MIDI-Zero is a brand-new self-supervised learning framework that focuses on music content retrieval and covers core subtasks such as audio recognition, audio matching, and version identification. Unlike traditional methods that rely on audio signals or spectrograms for feature extraction, MIDI-Zero operates entirely based on MIDI representation. Its most remarkable feature is that it does not require external training data. All training data is automatically generated according to predefined task rules, completely getting rid of the dependence on labeled datasets or external music libraries. MIDI-Zero is not only applicable to symbolic music data but can also seamlessly handle audio tasks through a music transcription model. Numerous experiments have shown that MIDI-Zero has achieved excellent performance in multiple CBMR subtasks. This innovative method simplifies the feature extraction process, successfully bridges the gap between audio and symbolic music representation, and provides a flexible and efficient solution for music retrieval.

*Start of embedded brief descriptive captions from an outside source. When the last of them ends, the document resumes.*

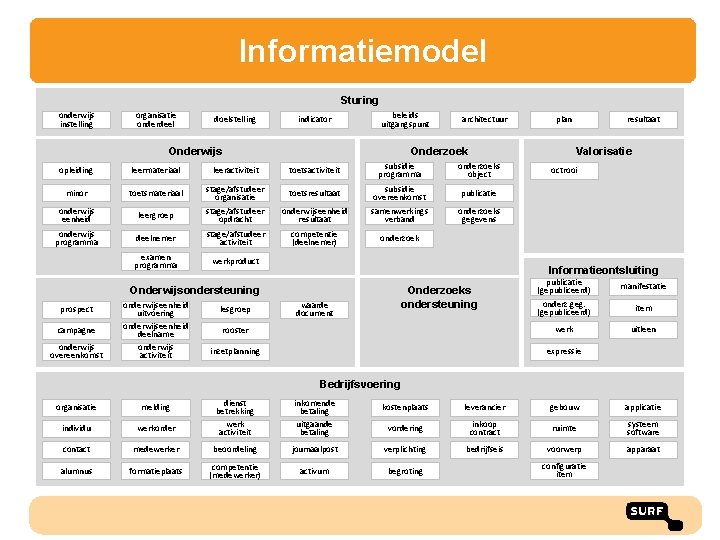 Informatiemodel Sturing onderwijs instelling organisatie onderdeel doelstelling indicator beleids uitgangspunt Onderwijs architectuur Onderzoek leermateriaal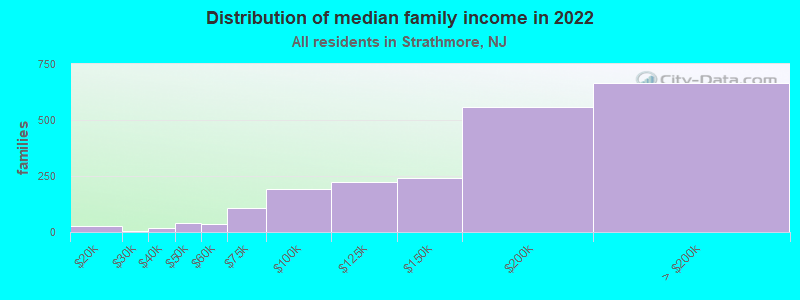 Distribution of median family income in 2022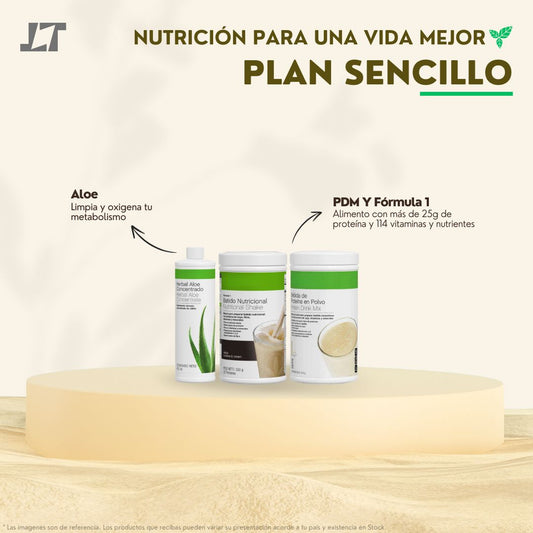 Nutrición Celular: Plan Sencillo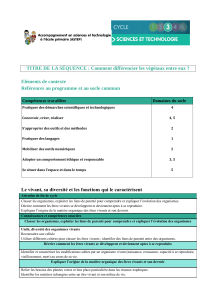 TITRE DE LA SÉQUENCE : Comment différencier les végétaux entre... Eléments de contexte Références au programme et au socle commun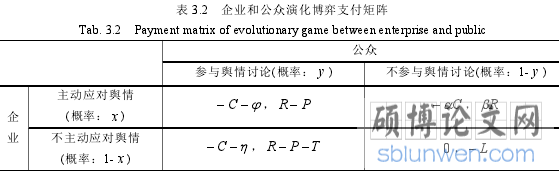 表 3.2 企业和公众演化博弈支付矩阵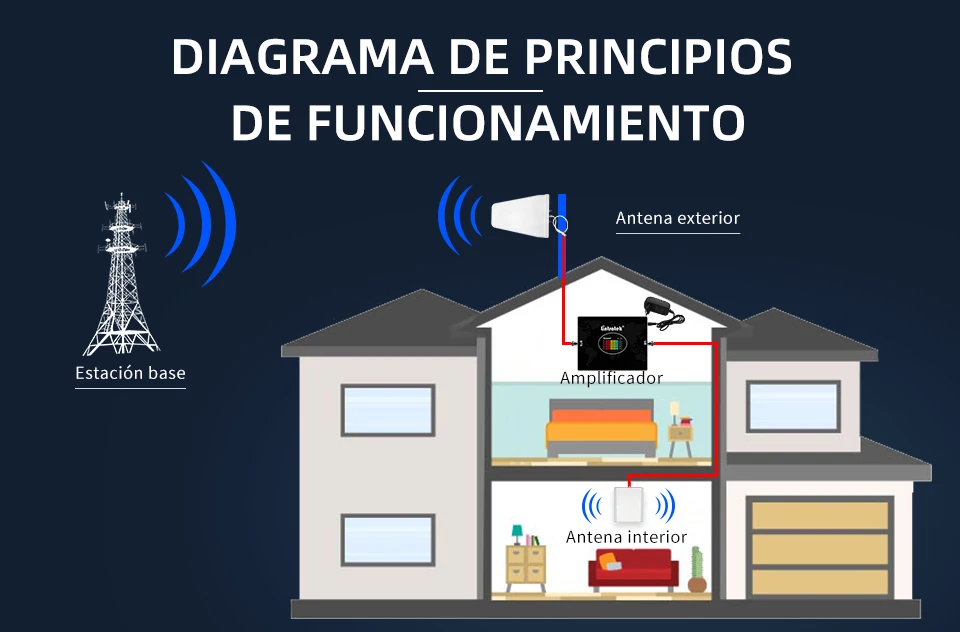 Amplificador gsm online casero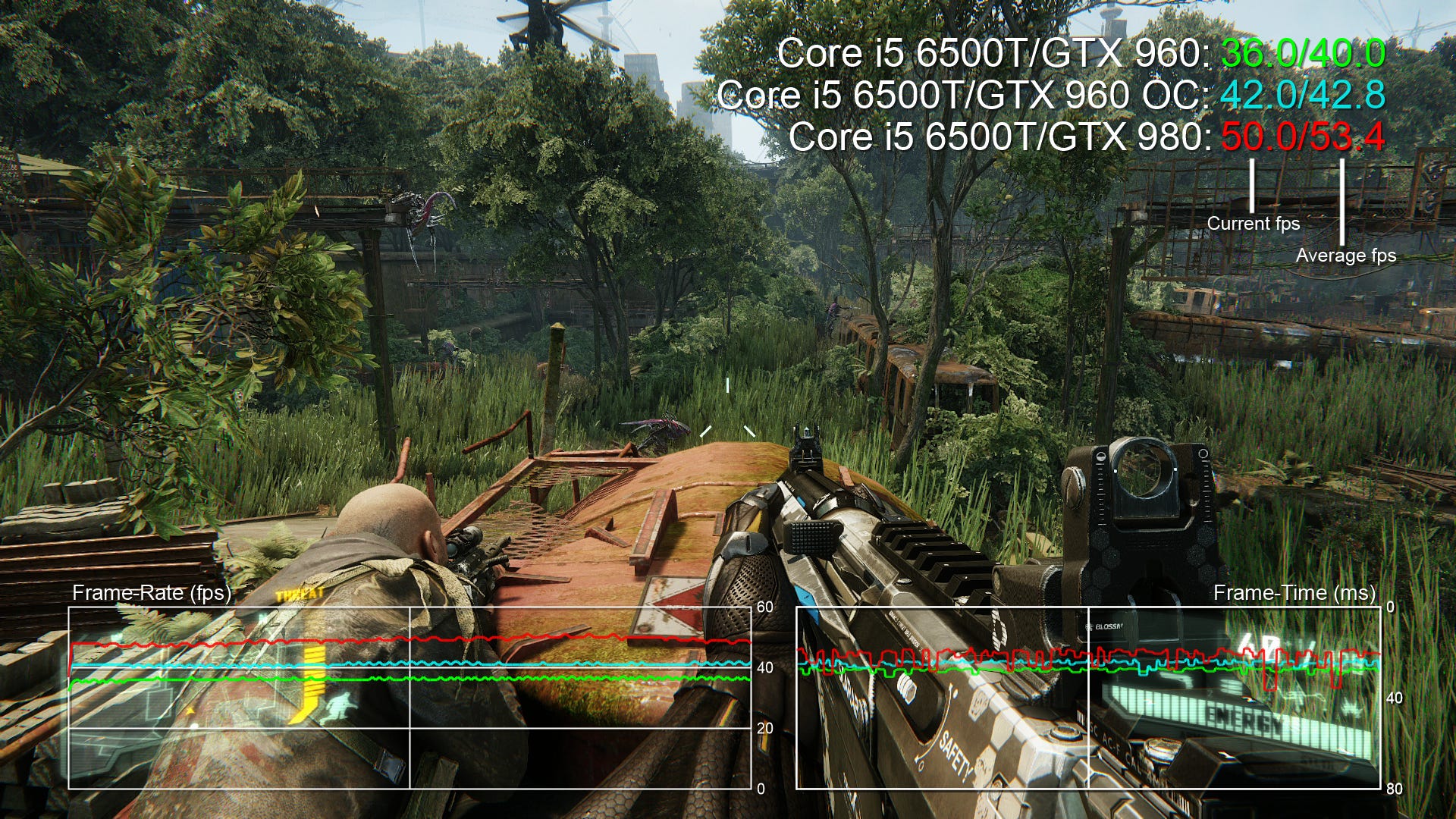 Alienware Alpha R2 review | Eurogamer.net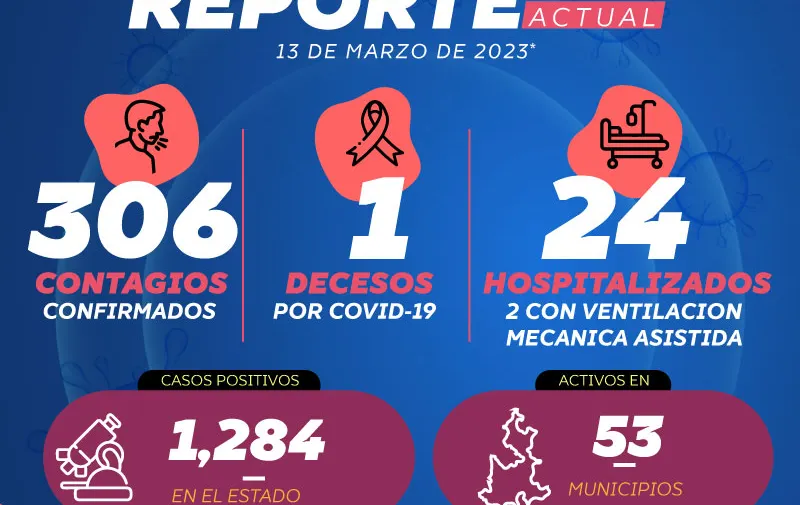 reporte-covid-031323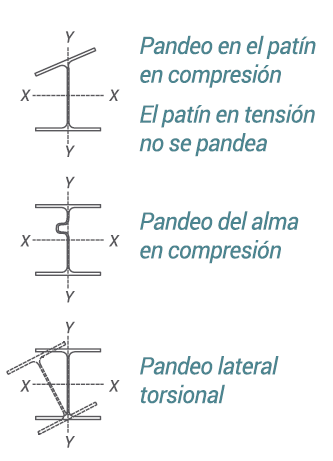 blog como diseñar fig 2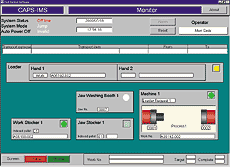 森精機CAPS IMS MT系列專用單元控制系統 工業自動化核心解決方案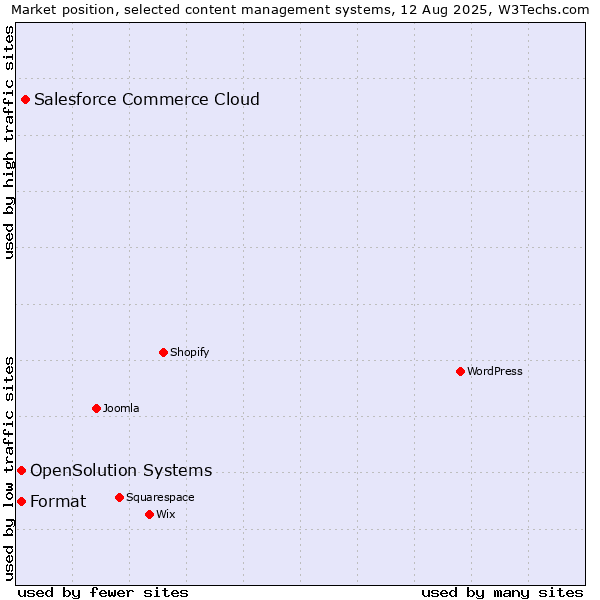 Market position of Salesforce Commerce Cloud vs. Format vs. OpenSolution Systems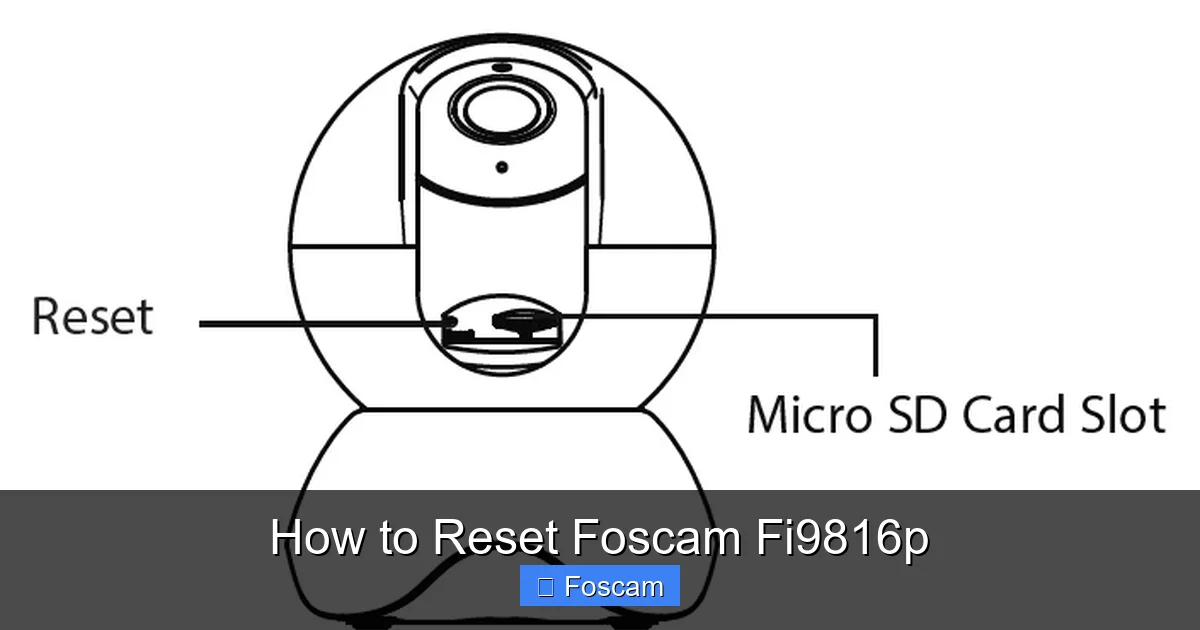 How to Reset Foscam Fi9816p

AMG-Embeddinga Self-Supervised Embedding Approach for Audio Identification

AMG-Embedding focuses on the audio retrieval task, aiming to accurately retrieve completely matching content from a massive music library through short audio clips. Traditional fingerprinting methods rely on the features of a large number of short-term fixed overlapping clips, resulting in high storage and computational costs. In contrast, AMG-Embedding transforms variable-duration non-overlapping clips into efficient embedding representations through self-supervised learning and a two-stage embedding process, thus changing the traditional paradigm. Experimental results show that while maintaining a retrieval accuracy comparable to that of traditional fingerprinting methods, AMG-Embedding reduces the storage requirements and retrieval time to less than one-tenth of those of traditional methods. This breakthrough significantly improves the scalability and efficiency of audio retrieval systems.

As A-level conferences recognized by the China Computer Federation (CCF), ACM SIGIR and ACM Multimedia represent the highest international academic standards in the fields of information retrieval and multimedia. The research team's consecutive publications of achievements at these two top conferences within just one year demonstrate their profound technical accumulation and academic leadership in the field of AI music retrieval.